• What needs to be done
All of the data below should be printed again word for word, pictures excluded.

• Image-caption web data
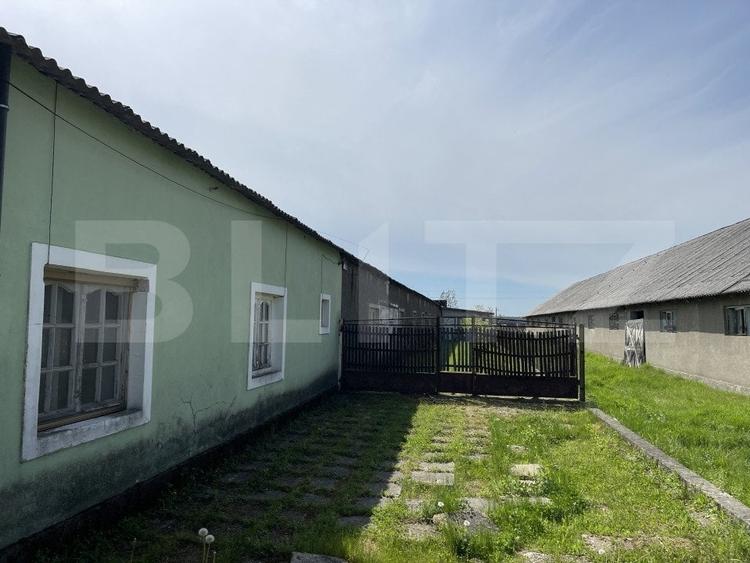 Hala de vanzare, 756mp construiti, zona  Gherta Mica - 1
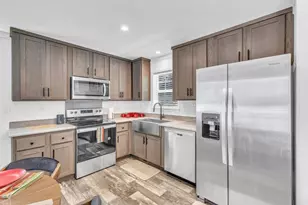 2 4th Ave, Ware, MA 01082 - Photo 11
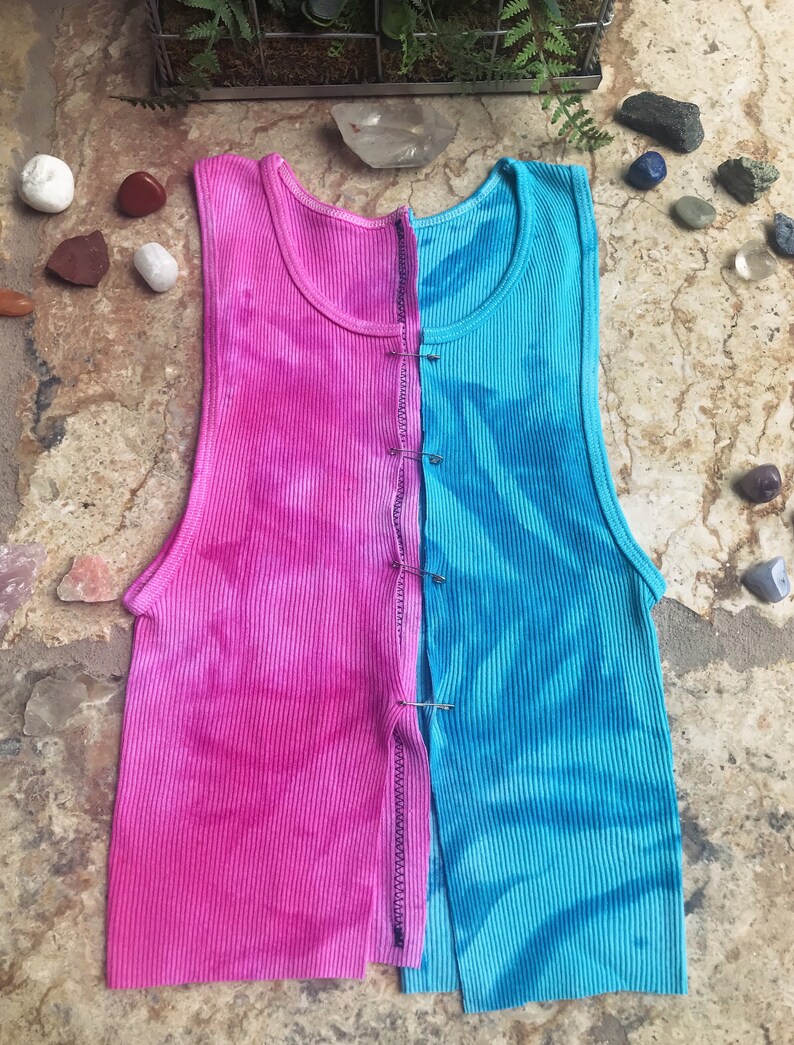 Hand-Dyed Frankenstein Crop Top Pink /& Aqua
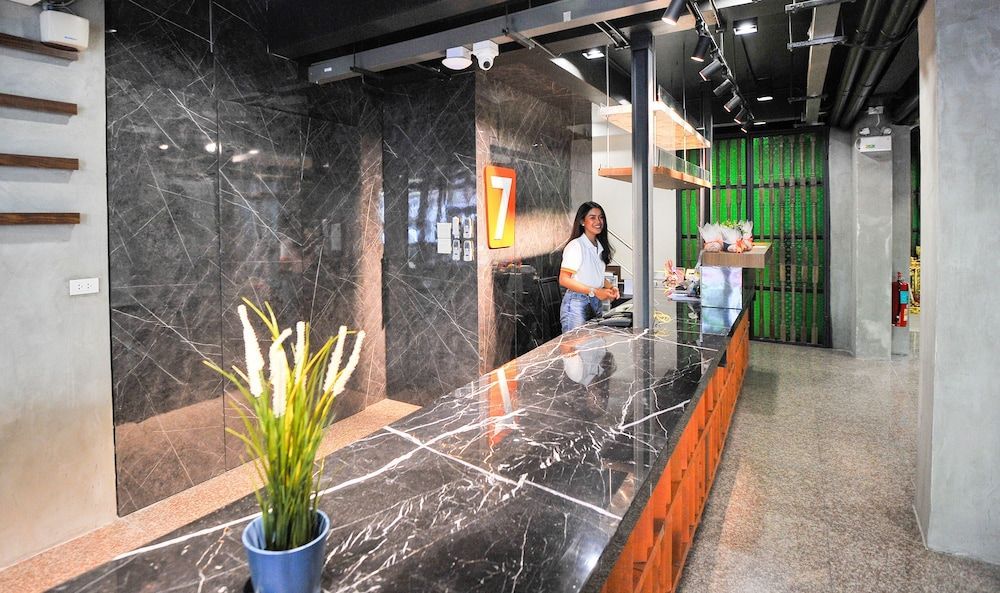 7 Days Premium Hotel at Icon Siam Station - No Parking 2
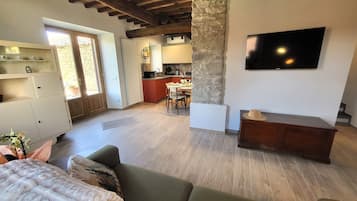Smart TV, fireplace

• Answer to this exercise
 Hala de vanzare, 756mp construiti, zona  Gherta Mica - 1
 2 4th Ave, Ware, MA 01082 - Photo 11
 Hand-Dyed Frankenstein Crop Top Pink /& Aqua
 7 Days Premium Hotel at Icon Siam Station - No Parking 2
Smart TV, fireplace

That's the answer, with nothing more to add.